Syntax:
compute ID group-ID temp/asphere bias-ID
Examples:
compute 1 all temp/asphere compute myTemp mobile temp/asphere tempCOM
Description:
Define a computation that calculates the temperature of a group of aspherical particles, including a contribution from both their translational and rotational kinetic energy. This differs from the usual compute temp command, which assumes point particles with only translational kinetic energy.
For 3d aspherical particles, each has 3, 5, or 6 degrees of freedom (3 translational, remainder rotational), depending on whether the particle is spherical, uniaxial, or biaxial. This is determined by the shape command. Uniaxial means two of its three shape parameters are equal. Biaxial means all 3 shape parameters are different.

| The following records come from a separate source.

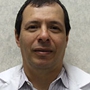 Dr. Juan E Angel, MD
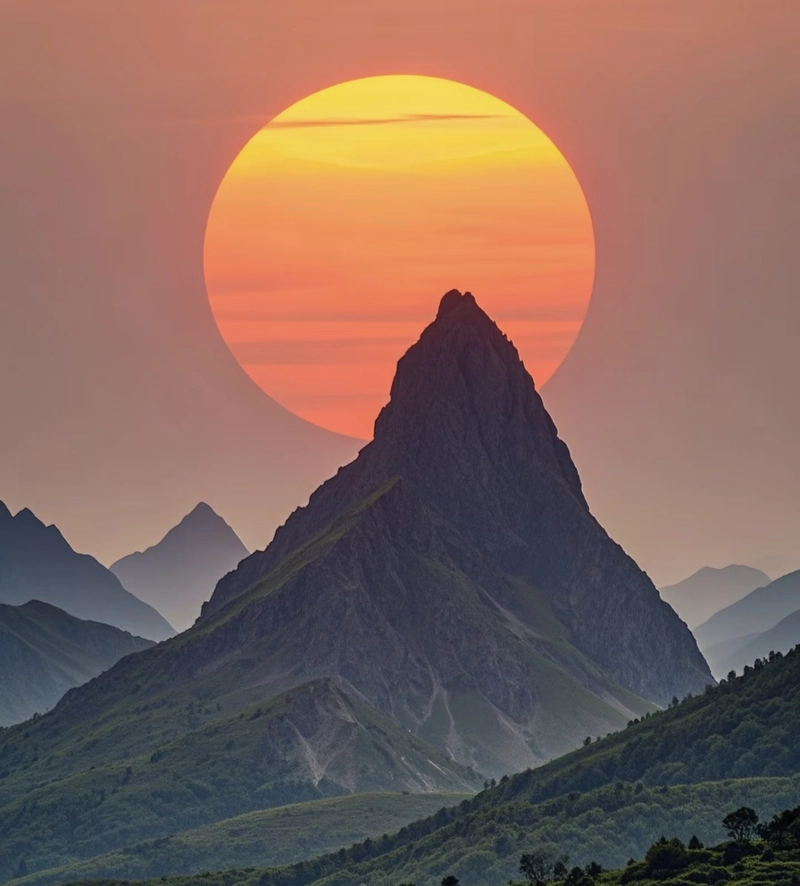cute nature images for dp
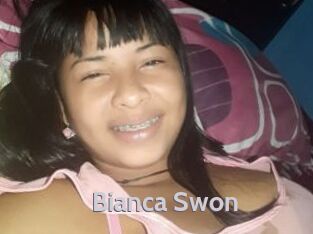 Bianca_Swon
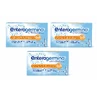 Enterogermina Forte, 30×5 ml orale suspensie, Sanofi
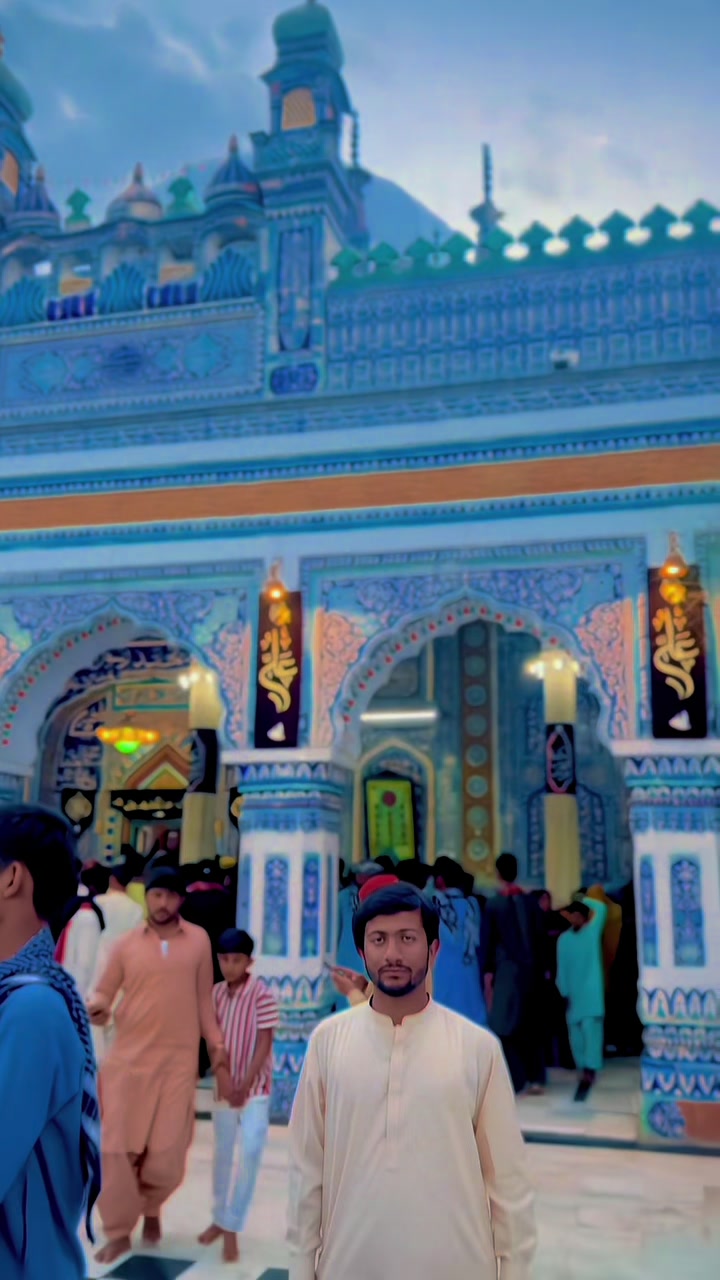 @Roshanjokhio33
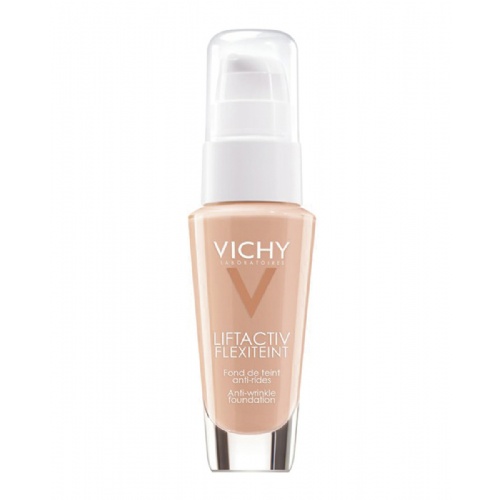 VICHY FLEXILIFT BRONZE 55 30ML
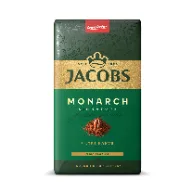 Jacobs Monarch Filtre Kahve Filtre Kahve ürün görseli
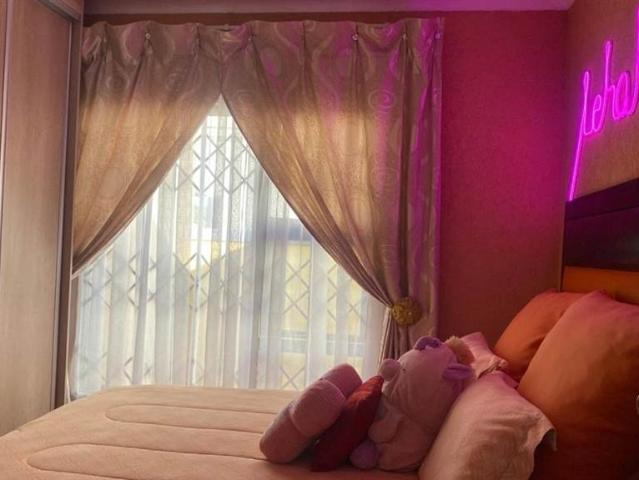 House for sale in Sedibeng, Gauteng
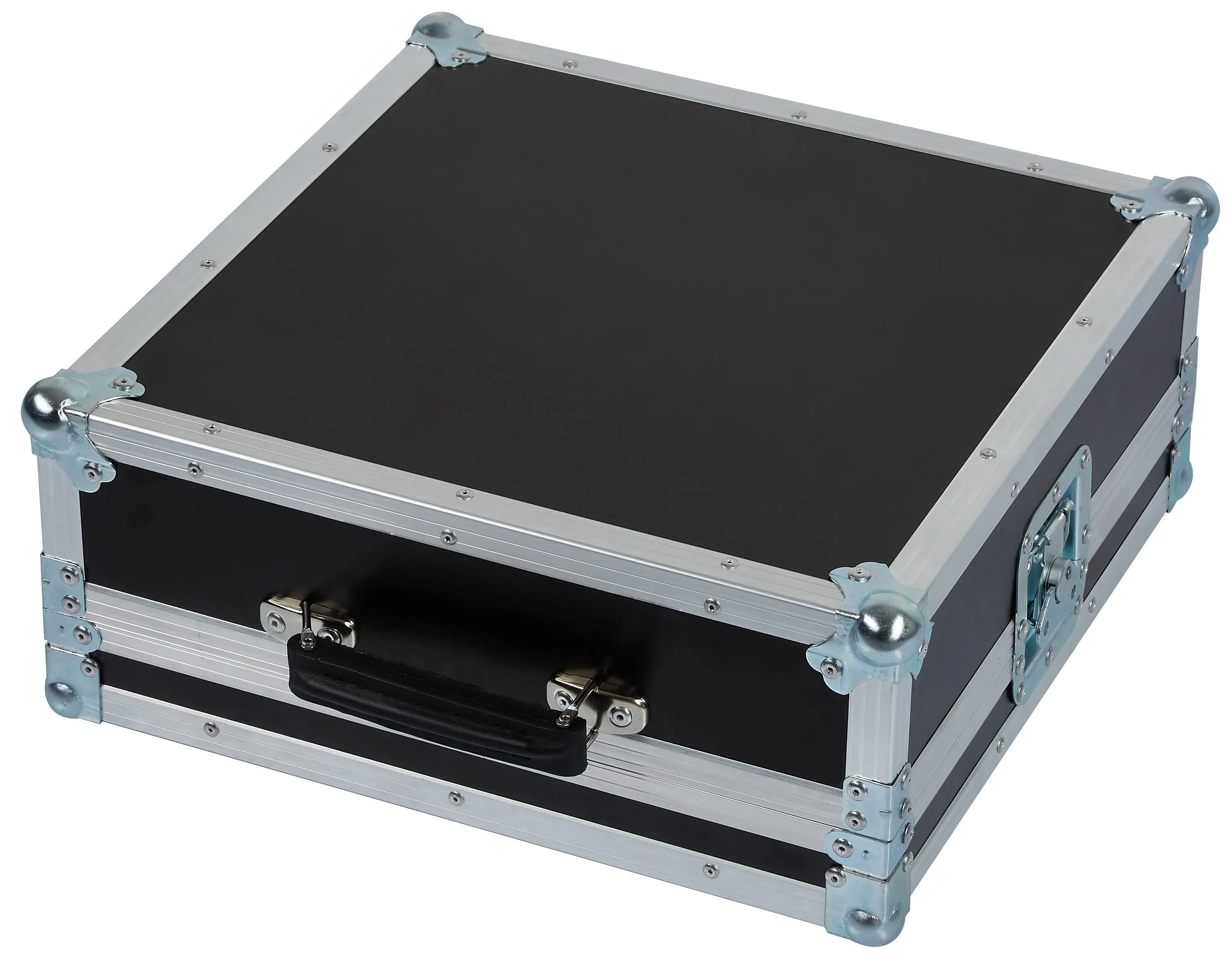 Razzor Cases Yamaha MG20XU/MG16XU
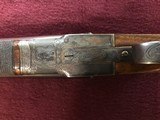 LC Smith Eagle Grade 20 gauge - 11 of 15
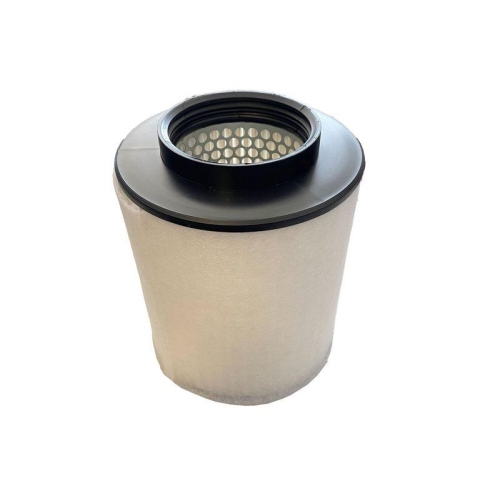 CORTECO Luftfilter 49440474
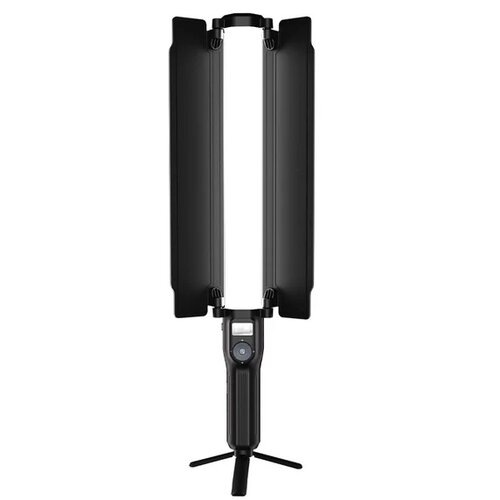 Lampa LED VILTROX H18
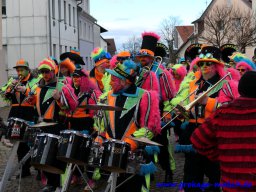 umzug_malsch_130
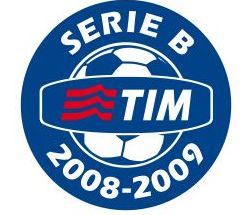 Serie B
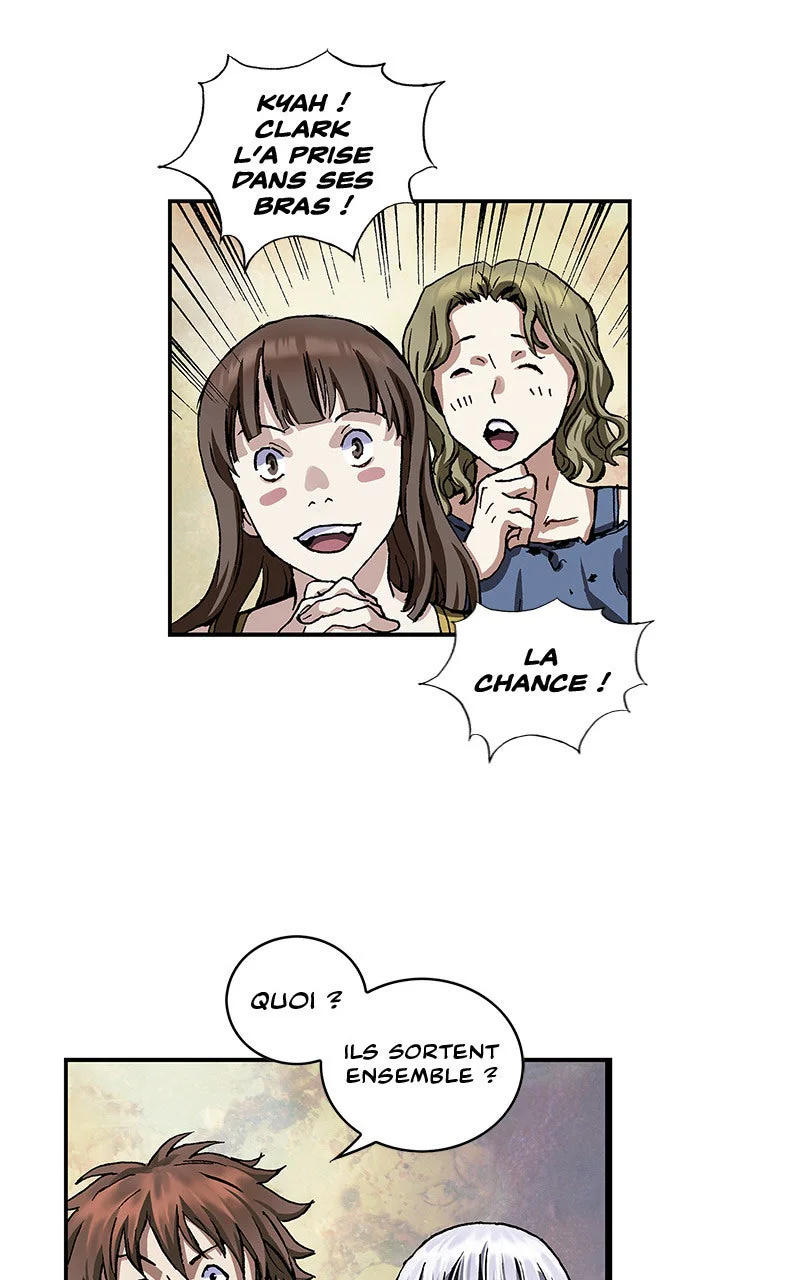 Chapter Image 519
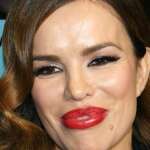 Severina
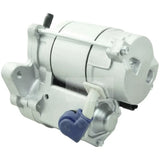 New 12V 9T Starter Motor 2810050040 2280007400 17791 Fits for Toyota 4Runner Sequoia Tundra 4663cc 4.7L V8 2000 - 2009 - Fab Heavy Parts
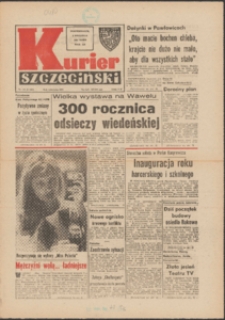 Kurier Szczeciński. 1983 nr 173 wyd.AB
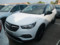preview Opel Grandland X #0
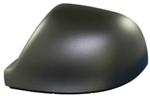 CALOTTA VOLKSWAGEN T5 2009 - T6 2015 - AMAROK 2010 NERA DX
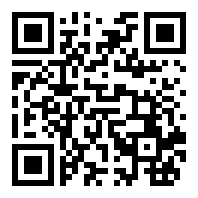 书痴app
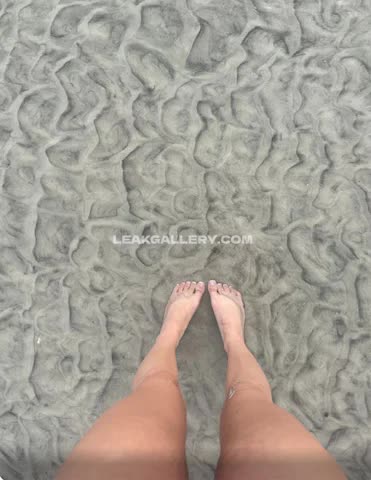 Kaylavoid Exclusive Leaked Nude OnlyFans #13747958
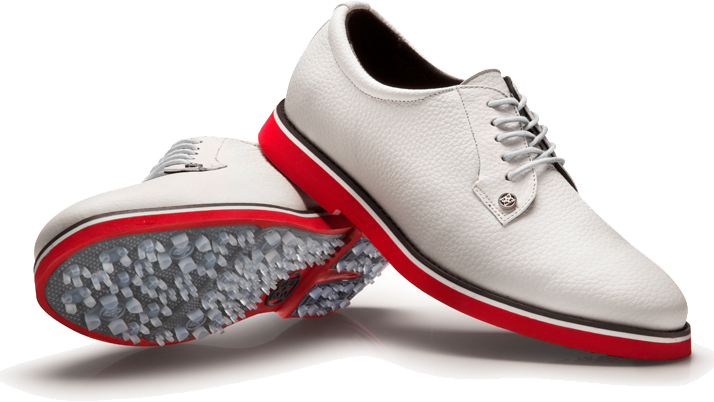 G/Fore Pebble Gallivanter review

For 2d aspherical particles, each has 3 or 4 degrees of freedom (3 translational, remainder rotational), depending on whether the particle is spherical, or biaxial. Biaxial means the x,y shape parameters are unequal.
IMPORTANT NOTE: These degrees of freedom assume that the interaction potential between degenerate aspherical particles does not impart rotational motion to the extra degrees of freedom. E.g. the GayBerne pair potential does not impart torque to spherical particles, so they do not rotate.
The rotational kinetic energy is computed as 1/2 I w^2, where I is the inertia tensor for the aspherical particle and w is its angular velocity, which is computed from its angular momentum.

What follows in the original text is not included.